薩摩川内市がカーボンニュートラルへ包括連携

株式会社バイウィルは、鹿児島県薩摩川内市および株式会社鹿児島銀行と、カーボンニュートラルの実現を目的とした包括連携協定を2024年6月19日に締結した。3者は協定に基づき、SDGsおよびカーボンニュートラルの達成、サーキュラーエコノミーの普及啓発・達成に向けた取り組みを進める。

バイウィルは第一に、薩摩川内市が管理する森林におけるJ-クレジット創出を支援する予定だ。J-クレジットとは、省エネ設備の導入や再生エネルギーの活用等による温室効果ガスの排出削減量や吸収量を国が認証したもので、他企業等に売却してカーボン・オフセットに活用できる。
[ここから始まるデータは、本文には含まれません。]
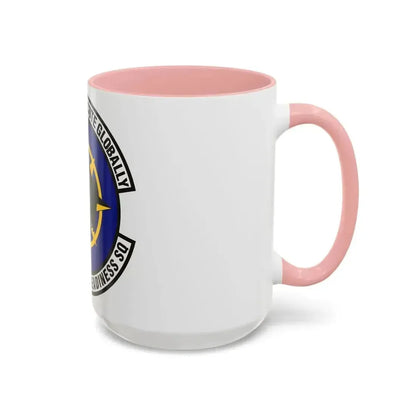 94th Logistics Readiness Squadron (U.S. Air Force) Accent Coffee Mug - Go Mug Yourself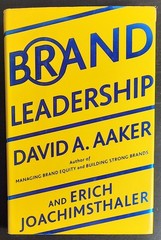 Brand Leadership by Aaker, David, Joachimsthaler, Erich HC The Free Press 2000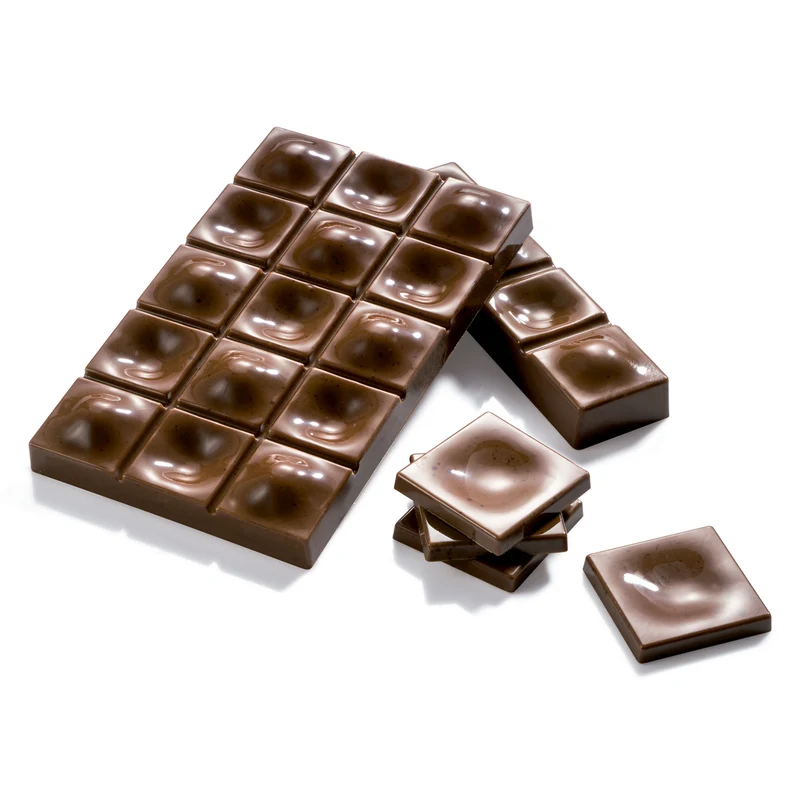 MOLDE POLICARBONATO SNACK 100X26MM H16MM | 8 PIEZAS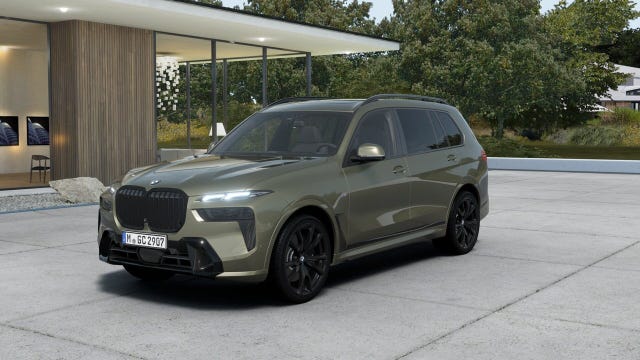 BMW X7 2026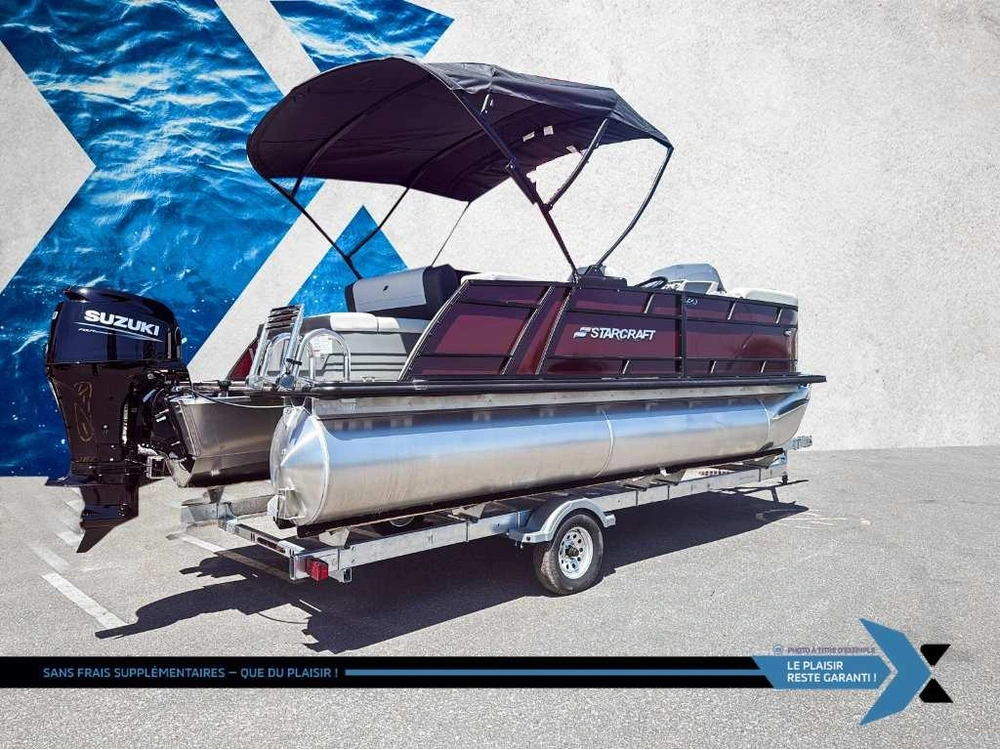 Starcraft Ponton Ex-20 Q Dh 90hp Inclus 2026 alt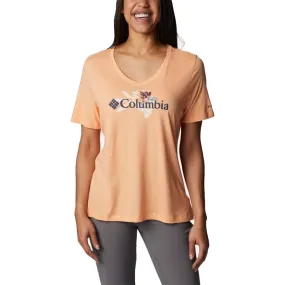 T-Shirt Randonnée Femme Columbia Bluebird Day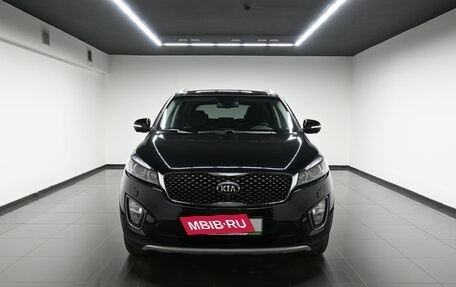 KIA Sorento III Prime рестайлинг, 2016 год, 2 665 000 рублей, 3 фотография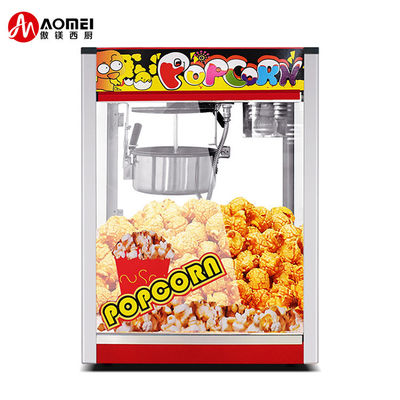 Voeding Flat Top Electric Popcorn Machine met snelverwarmingstechnologie GEEN App-gecontroleerd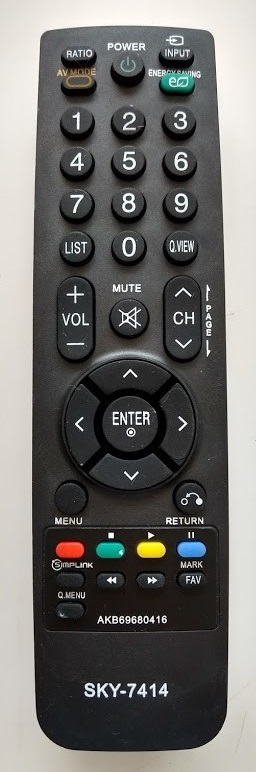 Cod.9580 TV LG SKY-7414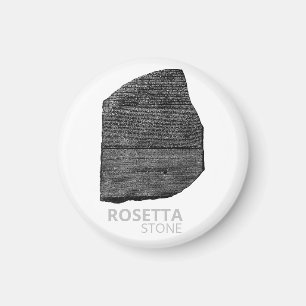 Rosetta Stone pharaoh-Sprachen Dolmetschschlüssel Magnet
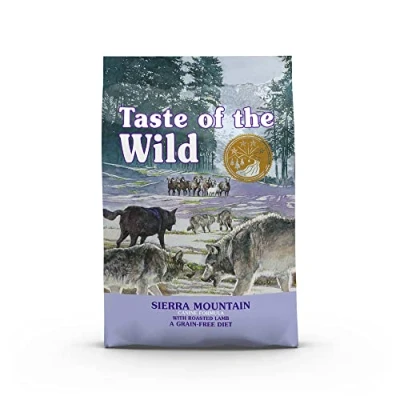 Bild av Taste of the Wild Sierra Mountain Canine Formula With Roasted Lamb Grain Free 12.2kg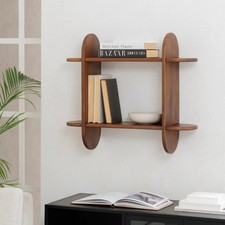 Montague Solid Wood Wall Shelf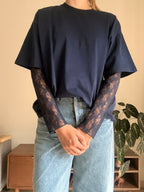 Meryl jeans mid blue - Les Soeurs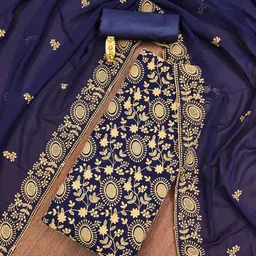 Maroosh Embroidered Unstitched Dress Material-picture-18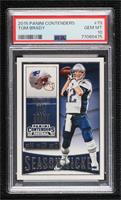 Tom Brady [PSA 10 GEM MT]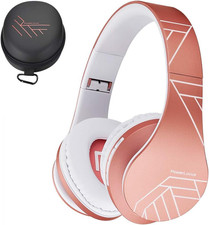 Bluetooth Over-Ear Headphones, Wireless Stereo Foldable Headphones Wireless and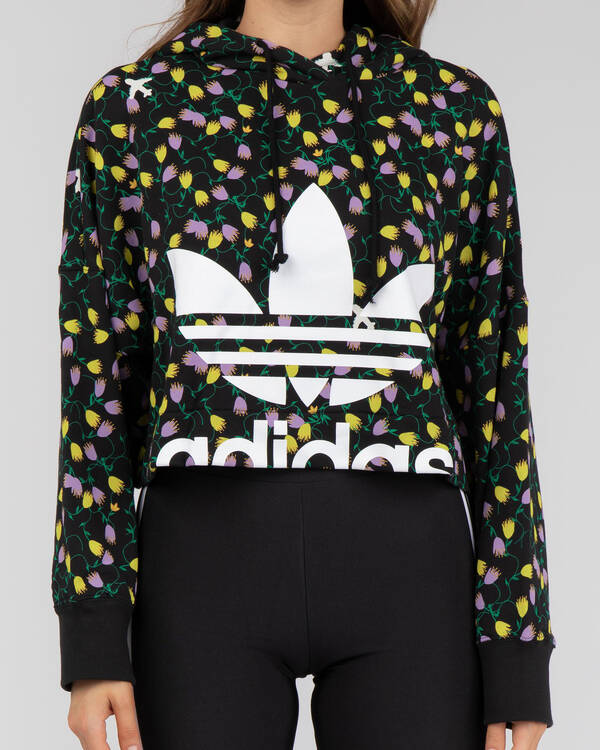 Adidas AOP Hoodie for Womens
薩摩川内市は2021年6月、2050年までに「ゼロカーボンシティ薩摩川内」を実現すべく「薩摩川内市未来創生SDGs・カーボンニュートラル宣言」を行った。その対策の一つとして「カーボン・オフセット制度の普及促進」を掲げており、今回の包括連携協定に至った。

薩摩川内市の森林面積は市の土地の69%を占め、2020年度のCO2吸収量は147,000t-CO2と推定され、同年度の市の温室効果ガス排出量の22%に相当する。バイウィルは適切な森林管理によってこの吸収量を維持し、J-クレジットに換えて市のカーボンニュートラル達成に活用すべく支援する。

具体的には、J-クレジット創出プロジェクトの登録・申請からモニタリング、創出したクレジットの販売までをシームレスに支援し、新たなビジネスモデルの開発など地域経済の活性化にも貢献することで、薩摩川内市における”環境価値と経済価値の循環”を目指す。

バイウィル代表取締役社長の下村雄一郎氏は、「薩摩川内市は『山』『川』『海』と自然溢れる地であるとともに、多くの産業を有する市でもある。そんな薩摩川内市の広大な森林を守る取り組みの付加価値として、CO2吸収量のJクレジット化から連携させていただく」とコメントした。

今回の連携協定は、バイウィルにとって鹿児島県下で初の事例となる。下村氏は「この連携協定をもとに、『鹿児島県は自治体と銀行が強力に手を結んだ脱炭素モデル地域である』と県内外の方々に捉えていただけるよう取り組みを進めてまいります」と述べた。